Cortical Circuits from Scratch: A Metaplastic Architecture for the Emergence of Lognormal Firing Rates and Realistic Topology

1 Jun 2017  ·  Zoe Tosi, John Beggs ·

Our current understanding of neuroplasticity paints a picture of a complex interconnected system of dependent processes which shape cortical structure so as to produce an efficient information processing system. Indeed, the cooperation of these processes is associated with robust, stable, adaptable networks with characteristic features of activity and synaptic topology.

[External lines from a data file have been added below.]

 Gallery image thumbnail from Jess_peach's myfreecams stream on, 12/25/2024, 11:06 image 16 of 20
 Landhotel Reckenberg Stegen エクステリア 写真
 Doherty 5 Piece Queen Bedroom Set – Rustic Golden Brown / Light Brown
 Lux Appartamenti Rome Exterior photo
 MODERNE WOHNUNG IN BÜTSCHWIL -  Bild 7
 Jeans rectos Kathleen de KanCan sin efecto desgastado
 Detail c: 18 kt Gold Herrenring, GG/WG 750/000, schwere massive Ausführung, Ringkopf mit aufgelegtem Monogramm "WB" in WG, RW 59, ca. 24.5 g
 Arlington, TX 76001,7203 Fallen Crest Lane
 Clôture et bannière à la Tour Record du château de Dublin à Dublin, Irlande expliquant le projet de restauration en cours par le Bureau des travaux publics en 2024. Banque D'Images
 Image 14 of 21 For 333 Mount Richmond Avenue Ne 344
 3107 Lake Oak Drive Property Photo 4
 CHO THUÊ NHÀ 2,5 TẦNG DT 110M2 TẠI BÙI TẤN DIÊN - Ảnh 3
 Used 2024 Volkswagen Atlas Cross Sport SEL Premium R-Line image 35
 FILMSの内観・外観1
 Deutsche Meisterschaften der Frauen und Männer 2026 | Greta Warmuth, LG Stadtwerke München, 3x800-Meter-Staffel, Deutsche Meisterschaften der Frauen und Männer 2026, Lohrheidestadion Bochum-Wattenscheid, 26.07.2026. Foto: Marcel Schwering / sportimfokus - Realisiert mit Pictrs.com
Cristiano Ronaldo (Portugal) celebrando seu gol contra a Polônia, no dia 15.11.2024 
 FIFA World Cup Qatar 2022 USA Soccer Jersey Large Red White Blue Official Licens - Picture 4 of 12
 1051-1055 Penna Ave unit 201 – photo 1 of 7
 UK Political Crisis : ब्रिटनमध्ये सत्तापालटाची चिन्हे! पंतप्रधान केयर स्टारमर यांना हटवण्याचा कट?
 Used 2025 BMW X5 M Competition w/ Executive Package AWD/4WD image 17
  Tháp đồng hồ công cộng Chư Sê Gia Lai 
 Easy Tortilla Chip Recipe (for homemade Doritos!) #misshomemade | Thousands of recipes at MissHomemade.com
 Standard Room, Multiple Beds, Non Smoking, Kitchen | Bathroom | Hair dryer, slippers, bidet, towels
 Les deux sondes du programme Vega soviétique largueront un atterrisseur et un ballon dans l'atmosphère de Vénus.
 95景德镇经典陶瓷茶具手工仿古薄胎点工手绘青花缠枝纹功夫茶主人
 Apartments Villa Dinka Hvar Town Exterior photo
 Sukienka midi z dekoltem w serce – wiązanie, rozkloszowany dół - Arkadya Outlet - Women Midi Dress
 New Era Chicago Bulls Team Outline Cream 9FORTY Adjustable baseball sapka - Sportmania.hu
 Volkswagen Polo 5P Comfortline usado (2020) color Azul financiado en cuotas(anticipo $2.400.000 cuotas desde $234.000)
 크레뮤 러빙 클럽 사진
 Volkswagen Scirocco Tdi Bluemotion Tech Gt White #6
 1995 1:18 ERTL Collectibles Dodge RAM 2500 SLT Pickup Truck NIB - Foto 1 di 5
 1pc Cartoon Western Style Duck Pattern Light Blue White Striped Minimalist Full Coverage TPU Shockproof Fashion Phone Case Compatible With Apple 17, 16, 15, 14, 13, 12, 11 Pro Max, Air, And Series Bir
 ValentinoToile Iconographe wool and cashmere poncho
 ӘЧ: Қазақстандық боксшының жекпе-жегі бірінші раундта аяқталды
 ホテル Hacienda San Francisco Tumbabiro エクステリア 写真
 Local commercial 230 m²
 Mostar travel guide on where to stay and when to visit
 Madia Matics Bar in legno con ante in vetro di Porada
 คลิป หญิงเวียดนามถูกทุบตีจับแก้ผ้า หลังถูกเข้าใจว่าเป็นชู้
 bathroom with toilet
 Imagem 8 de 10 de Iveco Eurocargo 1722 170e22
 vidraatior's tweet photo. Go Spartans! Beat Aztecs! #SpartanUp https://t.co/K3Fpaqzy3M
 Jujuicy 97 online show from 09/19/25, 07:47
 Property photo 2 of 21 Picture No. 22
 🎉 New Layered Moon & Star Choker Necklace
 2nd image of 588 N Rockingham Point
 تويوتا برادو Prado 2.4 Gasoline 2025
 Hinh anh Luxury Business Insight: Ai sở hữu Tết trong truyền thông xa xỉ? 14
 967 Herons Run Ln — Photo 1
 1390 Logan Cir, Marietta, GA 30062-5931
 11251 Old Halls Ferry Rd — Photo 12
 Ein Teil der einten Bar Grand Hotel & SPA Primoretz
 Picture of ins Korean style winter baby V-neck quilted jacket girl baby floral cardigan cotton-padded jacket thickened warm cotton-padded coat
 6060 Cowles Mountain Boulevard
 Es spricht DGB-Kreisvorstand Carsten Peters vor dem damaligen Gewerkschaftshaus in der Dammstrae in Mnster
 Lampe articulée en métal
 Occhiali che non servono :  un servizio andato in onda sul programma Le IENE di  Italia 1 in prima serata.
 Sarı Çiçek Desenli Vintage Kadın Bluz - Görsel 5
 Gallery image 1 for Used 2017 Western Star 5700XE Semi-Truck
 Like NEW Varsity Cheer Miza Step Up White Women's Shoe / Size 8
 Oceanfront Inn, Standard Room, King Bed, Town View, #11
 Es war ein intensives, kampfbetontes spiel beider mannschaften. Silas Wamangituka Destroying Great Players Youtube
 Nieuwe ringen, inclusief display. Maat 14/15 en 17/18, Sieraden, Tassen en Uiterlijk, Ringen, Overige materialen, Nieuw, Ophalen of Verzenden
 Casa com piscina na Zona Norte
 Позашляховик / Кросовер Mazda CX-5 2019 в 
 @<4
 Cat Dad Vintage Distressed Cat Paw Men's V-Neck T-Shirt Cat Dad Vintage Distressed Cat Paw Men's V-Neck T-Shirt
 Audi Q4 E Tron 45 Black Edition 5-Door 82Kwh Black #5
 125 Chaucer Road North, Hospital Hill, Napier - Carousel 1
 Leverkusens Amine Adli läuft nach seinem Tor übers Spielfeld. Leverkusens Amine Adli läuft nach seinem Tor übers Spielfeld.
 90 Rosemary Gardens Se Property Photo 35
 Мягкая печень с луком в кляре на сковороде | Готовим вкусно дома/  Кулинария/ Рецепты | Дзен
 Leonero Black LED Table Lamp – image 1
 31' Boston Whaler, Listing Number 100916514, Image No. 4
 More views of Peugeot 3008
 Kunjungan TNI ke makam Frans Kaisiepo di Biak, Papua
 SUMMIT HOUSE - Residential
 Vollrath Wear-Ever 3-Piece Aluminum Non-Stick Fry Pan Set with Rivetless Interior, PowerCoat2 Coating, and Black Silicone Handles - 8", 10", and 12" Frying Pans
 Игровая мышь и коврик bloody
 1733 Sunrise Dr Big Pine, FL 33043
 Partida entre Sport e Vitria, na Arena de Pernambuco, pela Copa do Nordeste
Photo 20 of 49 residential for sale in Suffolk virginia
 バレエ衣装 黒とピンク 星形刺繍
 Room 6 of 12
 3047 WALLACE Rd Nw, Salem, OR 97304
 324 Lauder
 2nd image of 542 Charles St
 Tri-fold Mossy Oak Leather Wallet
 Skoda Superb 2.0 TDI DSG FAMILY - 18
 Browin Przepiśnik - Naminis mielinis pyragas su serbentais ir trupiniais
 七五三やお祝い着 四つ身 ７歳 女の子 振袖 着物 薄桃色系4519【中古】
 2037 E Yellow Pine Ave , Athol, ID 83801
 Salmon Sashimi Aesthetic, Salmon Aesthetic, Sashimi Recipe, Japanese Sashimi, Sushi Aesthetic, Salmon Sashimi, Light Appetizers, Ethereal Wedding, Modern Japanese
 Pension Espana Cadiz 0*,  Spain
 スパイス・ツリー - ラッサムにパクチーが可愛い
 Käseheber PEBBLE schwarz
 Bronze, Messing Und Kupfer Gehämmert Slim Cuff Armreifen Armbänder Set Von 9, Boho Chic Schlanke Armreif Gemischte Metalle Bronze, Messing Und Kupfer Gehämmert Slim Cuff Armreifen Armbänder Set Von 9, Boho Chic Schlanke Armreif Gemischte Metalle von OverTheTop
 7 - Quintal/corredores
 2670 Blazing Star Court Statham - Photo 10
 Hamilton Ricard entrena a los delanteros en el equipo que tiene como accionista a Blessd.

However, combining the actions of these mechanisms in models has proven exceptionally difficult and to date no model has been able to do so without significant hand-tuning. Until such a model exists that can successfully combine these mechanisms to form a stable circuit with realistic features, our ability to study neuroplasticity in the context of (more realistic) dynamic networks and potentially reap whatever rewards these features and mechanisms imbue biological networks with is hindered. We introduce a model which combines five known plasticity mechanisms that act on the network as well as a unique metaplastic mechanism which acts on other plasticity mechanisms, to produce a neural circuit model which is both stable and capable of broadly reproducing many characteristic features of cortical networks. The MANA (metaplastic artificial neural architecture) represents the first model of its kind in that it is able to self-organize realistic, nonrandom features of cortical networks, from a null initial state (no synaptic connectivity or neuronal differentiation). In the same vein as models like the SORN (self-organizing recurrent network) MANA represents further progress toward the reverse engineering of the brain at the network level.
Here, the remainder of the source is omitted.